1. (1-2) Huwelijk tussen de zonen Gods en de dochters der mensen.

Nu geschiedde het, toen de mensen zich begonnen te vermenigvuldigen op de aarde, en hun dochters geboren werden, dat de zonen Gods de dochters der mensen zagen, dat zij schoon waren; en zij namen zichzelven vrouwen, uit allen, die zij verkozen.

a. Toen de mensen zich begonnen te vermenigvuldigen op de aardbodem: Tijdens deze dagen van snelle bevolkingsexpansie (vooral vanwege de lange levensduur in de wereld van voor de zondvloed), was er een probleem met goddeloze huwelijken tussen de zonen van God en de dochters van de mensen.

b. De zonen van God zagen de dochters van de mensen: Velen hebben geloofd dat de zonen Gods degenen waren uit de lijn van Seth, en de dochters der mensen uit de lijn van Kaïn, en dit beschrijft een huwelijk tussen de godvruchtigen en de goddelozen, iets wat God specifiek verbiedt (Deuteronomium 7:1-4, 2 Korintiërs 6:14).

i. Maar deze benadering laat veel onbeantwoorde vragen over: Waarom maakte dit God boos genoeg om bijna de gehele bevolking van de aarde uit te roeien? Waarom was er iets ongewoons aan de nakomelingen van deze verbintenissen (Genesis 6:4)? Het idee dat dit gelovigen waren die met ongelovigen trouwden, lijkt niet te passen in het verslag van de tekst.

c. De zonen van God zagen de dochters van de mensen: Het is nauwkeuriger om de zonen van God te zien als ofwel demonen (engelen in opstand tegen God) of uniek door demonen bezeten mannen, en de dochters van mannen als menselijke vrouwen.

i. De uitdrukking zonen van God verwijst duidelijk naar engelachtige wezens wanneer het de drie andere keren in het Oude Testament wordt gebruikt (Job 1:6, 2:1, en 38:7). De vertalers van de Septuagint vertaalden zonen van God als engelen. Deze oude vertalers dachten duidelijk dat zonen van God verwezen naar engelachtige wezens, niet naar mensen die afstammen van Seth.

ii. Judas 6 verhaalt ons van de engelen die hun eigen domein niet behielden, maar hun eigen woonstede verlieten. Judas gaat verder (Judas 7) met ons te vertellen dat zij op soortgelijke wijze zondigden als deze, door zich over te geven aan seksuele immoraliteit en vreemd vlees na te jagen. Hier in Genesis 6, evenals in Sodom en Gomorra, was er een onnatuurlijke seksuele vereniging.

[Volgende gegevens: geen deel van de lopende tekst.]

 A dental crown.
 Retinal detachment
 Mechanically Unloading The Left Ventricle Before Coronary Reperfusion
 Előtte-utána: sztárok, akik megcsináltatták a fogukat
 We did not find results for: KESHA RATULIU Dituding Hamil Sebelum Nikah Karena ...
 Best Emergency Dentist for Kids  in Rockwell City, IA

iii. Het is zinloos te speculeren over de aard van deze vereniging. Of zij tot stand kwam door iets als demonische bezetenheid, of dat deze engelachtige wezens permanent de macht hadden om de gedaante van mensen aan te nemen, is niet onthuld. Maar we moeten begrijpen dat het occulte vol is van sexuele associaties met het demonische, en er zijn vandaag de dag mensen die actief streven naar zulke associaties.

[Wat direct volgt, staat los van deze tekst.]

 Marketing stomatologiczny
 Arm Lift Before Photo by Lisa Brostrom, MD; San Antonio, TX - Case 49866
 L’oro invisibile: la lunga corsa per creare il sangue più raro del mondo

iv. Judas 6 maakt ook duidelijk wat God met deze goddeloze engelen deed. Zij zijn gereserveerd in eeuwige ketenen onder de duisternis voor het oordeel van de grote dag, omdat zij hun juiste plaats niet hadden behouden. Hun zondig streven naar vrijheid heeft hen in slavernij gebracht.

v. 1 Petrus 3:19-20 vertelt ons dat Jezus naar deze ongehoorzame geesten in hun gevangenis ging en Zijn overwinning aan het kruis over hen verkondigde.

vi. Een bezwaar tegen dit begrip is te vinden in Mattheüs 22:30, waar Jezus zegt dat engelen niet trouwen en ook niet ten huwelijk worden gegeven; maar Jezus heeft nooit gezegd dat engelen geslachtsloos zijn, en Hij sprak ook over trouwe engelwezens (engelen van God in de hemel), niet over opstandige.

vii. Uit het boek van 1 Henoch, dat geen geïnspireerde Schrift is, maar toch enkele nauwkeurige verslagen kan bevatten: “En het geschiedde, toen de mensenkinderen zich vermenigvuldigden, dat hun in die dagen schone en bevallige dochters werden geboren. En de engelen, de kinderen des hemels, zagen en begeerden hen, en zeiden tot elkander: Kom, laat ons vrouwen kiezen uit het midden der mensenkinderen en ons kinderen verwekken…’ namen zich vrouwen, en ieder koos er een voor zich, en zij begonnen tot hen te gaan en zich met hen te verontreinigen, en zij leerden hen bekoorlijkheden en betoveringen… En zij werden zwanger en baarden grote reuzen… En er ontstond veel goddeloosheid, en zij pleegden ontucht, en zij werden op een dwaalspoor gebracht en werden verdorven in al hun wegen.”

d. En zij namen vrouwen voor zich van allen, die zij verkozen: We kunnen afleiden waarom Satan zijn engelen stuurde om zich (direct of indirect) te vermengen met menselijke vrouwen. Satan probeerde de genetische poel van de mensheid te verontreinigen met een satanische corruptie, om zoiets als een genetisch virus in te brengen om het menselijk ras ongeschikt te maken voor het voortbrengen van het Zaad van de vrouw – de Messias – beloofd in Genesis 3:15.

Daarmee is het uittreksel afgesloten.